At stake are the 12 annual funding bills setting agency operating budgets for the fiscal year starting in October. Senate Democrats are drawing up bills that would total $1.058 trillion in keeping with spending limits anticipated under a hard-fought 2011 budget deal and slightly modified in January. But current law sets a much lower cap of $967 billion because Congress didn’t follow up the 2011 law with another deficit-cutting deal.
Working with the additional money, Democrats were able Tuesday to actually propose boosting Amtrak’s $1.
Murray also boosted a so-called TIGER grant program for transportation projects first established under Obama’s 2009 economic stimulus bill, proposing $550 million, a 10 percent increase. Her House GOP counterpart, Tom Latham of Iowa, not only would eliminate next year’s funding but would pull back $237 million already approved. Murray also restored House cuts to housing vouchers for the poor and flexible Community Development Block Grants that are a favorite with local politicians of all political stripes.

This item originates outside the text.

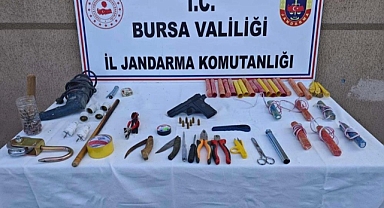 Bursa Kestel'de İzinsiz Kazı Yapan 9 Kişi Jandarma Operasyonuyla Yakalandı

The House and Senate Appropriations panels typically toil away from late spring advancing their 12 bills, which typically aren’t enacted until the end of the calendar year or even later. But House and Senate leaders have increasingly been reluctant to provide floor time -- not a single Senate measure was brought to a floor vote last year -- and the measures are often bundled together in a catchall "omnibus" spending bill.
In the wake of last week’s embarrassing defeat of an important renewal of farm programs and food stamps, House leaders pulled both a popular Pentagon measure and an agriculture appropriations bill from this week’s floor schedule.
Despite some bipartisanship in the House, and considerably more in the more generous Senate, there’s no easy path for this year’s round of spending bills until a broader budget deal comes into place that sets an overall spending cap and deals with the automatic cuts, known as sequestration. House and Senate leaders aren’t even talking and a sporadic series of budget meetings between Senate Republicans and White House officials haven’t gotten serious yet.
Meanwhile, the White House has issued a blanket series of veto threats against every House GOP appropriations bill, citing cuts to education, infrastructure and other programs and the agriculture spending bill became the latest target on Tuesday. The White House veto threat cited cuts to the Commodity Futures Trading Commission, which helps implement a 2010 law overhauling regulation of Wall St., as well as "harmful cuts in rural economic development, renewable energy development, nutrition programs, food safety, agricultural research, and international food aid."
The House Appropriations Committee meets Wednesday to approve a transportation and housing bill and a measure funding the Energy Department and water projects; the Senate panel meets Thursday on its versions of those bills.